Though he was involved in live theater as a kid, Smith primarily works in film. “You know, I’m a film director,” he says. “And so moving into the sort of stage play side of this was a new challenge for me, but an interesting challenge.” The way this iteration of Romeo & Katrina is being presented, though, allows him to experiment a bit with both worlds. “Because we’re doing it via zoom, it allows for more sort of creative ways of putting it together in the visual sense,” Smith says. “It’s not just people on a stage – I can actually do interesting things in moving squares around and bringing people in and out and fading things in and out and adding additional footage and music.”
Since this is her first musical, Hoang needed some help with the music side of thingsm, and she partnered with composer Tyler Mabry. “What’s awesome about working with Christine and working on this project… is that she writes such amazing characters,” Mabry says. “And the concept of this show was so vivid… that I think it just translated really naturally to music.”

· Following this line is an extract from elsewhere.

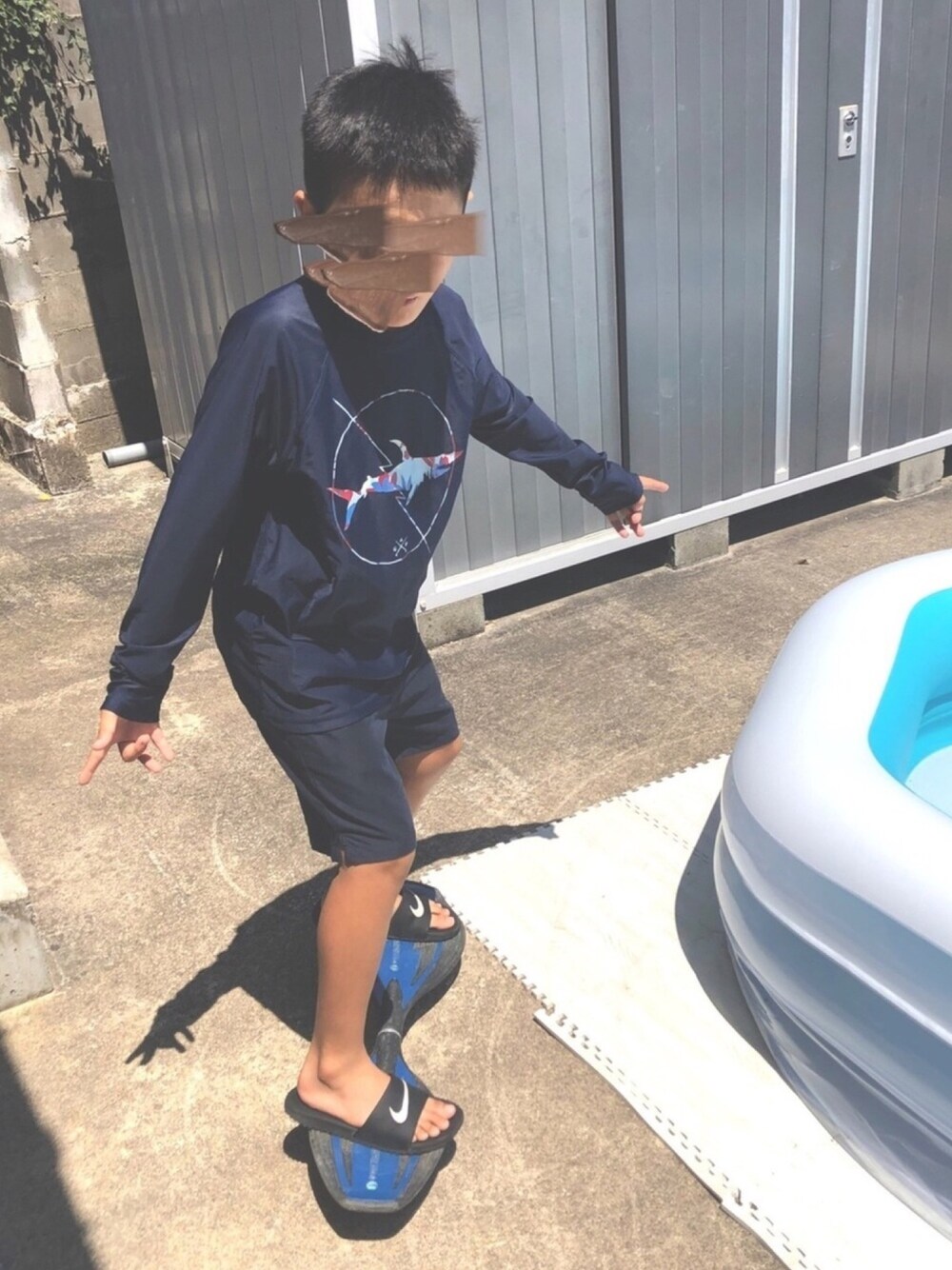 ノースフェイス　キッズ スノーインサレーションビブ　スノーパンツ　110cm THE NORTH FACE(ザ・ノース・フェイス) ウーロス スノー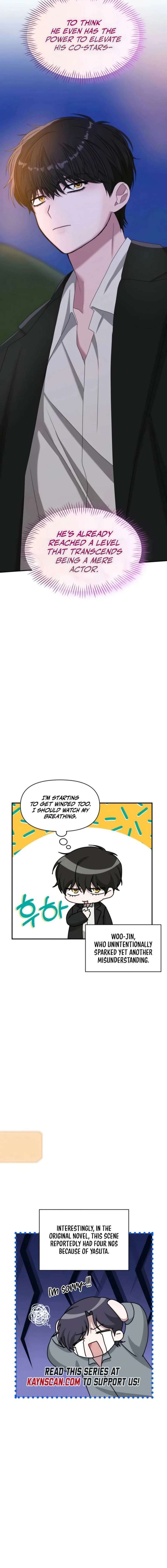 I Was Mistaken As a Monstrous Genius Chapter 88 - Page 18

Mabry says that workshopping a musical during a pandemic comes with some challenges. “One of the challenges… in terms of workshopping a musical in this context is that you can’t hear people together,” he says. “You just can’t work that quickly, I don’t think, in this environment.”
James Cho, who plays Romeo, was cast in February, just before the pandemic lockdown went into place. Because of the timing, almost all of his experiences with Romeo & Katrina since that audition have been virtual. “As a matter of fact, there are several people [in the cast and crew] that I’ve never met face to face,” he says. Rehearsing via zoom has its limitations, he says, but has also bonded the team in an unusual way. “I think that everybody just really was great about rolling with the punches,” Cho says. “It sort of took a form that is different than we anticipated but that also, I think, provided a sense of camaraderie. It’s its own thing.”
Hoang sees the positive in presenting the workshop online rather than onstage. “You need three things for theater,” she says. “You need performers, you need an audience, and you need a space. Before Covid, the space in our minds has always been a traditional theater. And now we’ve had to challenge ourselves about what space means for art, and right now it’s a shared space under one common sky. And I think that’s how we’re all trying to survive and get along and connect, is that we’re still connecting and we still share something in common. It might not be in a space where we can touch each other physically, but maybe we can touch each other through our hearts. And that’s [what] artists try to do. We just try to connect with people.”